Literary reviews by Tim Love.
Warning: Rather than reviews, these are often notes in preparation for reviews that were never finished, or pleas for help with understanding pieces. See Litref Reviews - a rationale for details.

Wednesday, 19 March 2014

"Sleeping Keys" by Jean Sprackland (Cape, 2013)

The online magazine "Antiphon" is mentioned in the Acknowledgements! On pages 4 and 22 her lines go all higglety-pigglety for reasons I don't understand. For example, on p.4 there's "You can stay up all night with a house /as with a lover", the 2 lines right-aligned except that there's a space at the end of the first line. Go figure.

"It occurs to my mother that she might be dead" begins "She's been stripping beds". Stanza 2 begins

I tell her don't be silly of course she's not dead
and she says But how would I know?

I suggest she pinch herself, which I'm sure will settle it,
but she says That's for dreaming, not dead.
I don't think there's a test for dead.

The poem ends with "That must have been forty years ago ... And now/ I stand with my arms full of sheets, and suppose I'm alive". This works for me. It would have worked just as well without changing a word in a dinner-party anecdote or a story - which of course doesn't invalidate the poem. I like "The Aquarium" and "Aubergine" too. 6 poems each called "Letter Home" are spread through the book. I didn't really get them. "CCTV", "Clearing the drain" and "Two windows" seem lacking in substance (too obviously thematic?), and the title poem is not the best in the book. It says "there's a biscuit tin like this in every house". I'd add "and in a good many poems too". The keys inside are "decommissioned and sleeping", "inert and futureless", and of course some have associations going back many years, especially the one that locked the bathroom from within. Plot.

"Last resort", dealing with a mother's death, combines plot and language more fruitfully -

her breathing has become the measure of everything;
all human experience slips through the funnel of this sound.

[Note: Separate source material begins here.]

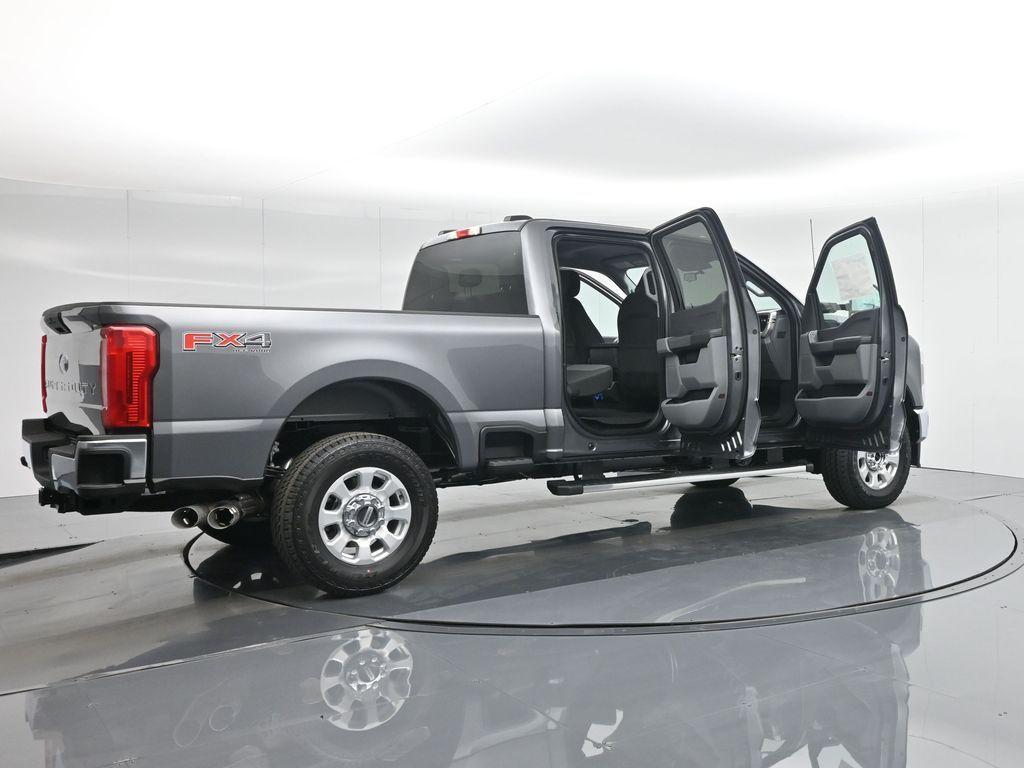 new 2024 Ford F-250 car, priced at $70,275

All her days she has been open to breath,
but is closing now against its simple gifts.
Her lungs are drenched flat as the wings of the butterfly
I tried to rescue from the pool in summer
(p.27)

Several poems deal with house maintenance as metaphor. After mending the guttering

I live alone now, and things are simple.
This is the covenant:
I keep the ladder ready behind the shed,
and the storm is earthed.
(p.38)

What does that last line mean? Its electricity associations don't fit in with the poem. "The Fusebox" is another fixture that gets a metaphorical make-over, albeit more heavyhandedly - "I came here in times of crisis/ ... By thinning torchlight I contemplate/ the sequence of decisions, each of them binary,// and the black lever, whose heavy syllable/ will override them all". "Taking down the scaffolding" is an interesting companion piece to "Scaffold" (about erecting scaffold) by Hamish Whyte (from "Hannah, are you listening?")

Two stuntmen on a forty-foot tower
... They know the risks, how much they can subtract/ without collapse
... What love you need/ to dismantle the structure you're standing on!
(Sprackland)
Any scaffold's a dangerous/ construction.
... so practised they hook/ us like circus performers
... They've reached that pinnacle/ of art, making the difficult look/ easy-peasy
(Whyte)

Her style's rather prolix, which doesn't help when she tries short parts or pieces. In

Transfiguration
On the sunlit road by the wind farm
I watch the long limb of a turbine
throw down a blade of shadow
which scythes the cornfield over and over
with a sudden rumour of night
(p.27)

there's near-repetition, and details whose purpose is puzzling. Maybe it could have been "I watch the windmill's shadow scythe the cornfield ..."? Towards the end of the book the body becomes unreliable - "Shocking to learn the heart's element is not love/ but electricity". Is the first word meant to be a pun? The poem ends with " This heart is what I carry/. It's what carries me./ This twitching fist of gristle, the hurt machine,/ this rigged ship in a bottle." (p.47). The "lift" that she tries to inject into these (and other) final lines sometimes seems detached from the tone of the rest of the piece, obscure. The final poem, "Up", is a recapitulation (in 3-lined stanzas) of some of the book's themes - "It's the staircases I remember:/ the optimistic reach of them,/ the erotic promise/ ... When a house is built, this is a moment of vision:/ the installation of the staircase ... past ... the landing with its case of forgotten thrillers ... past the loft ... the risen heat, and the sun at the skylight/ dazzling me into/ a sudden forgetting of self".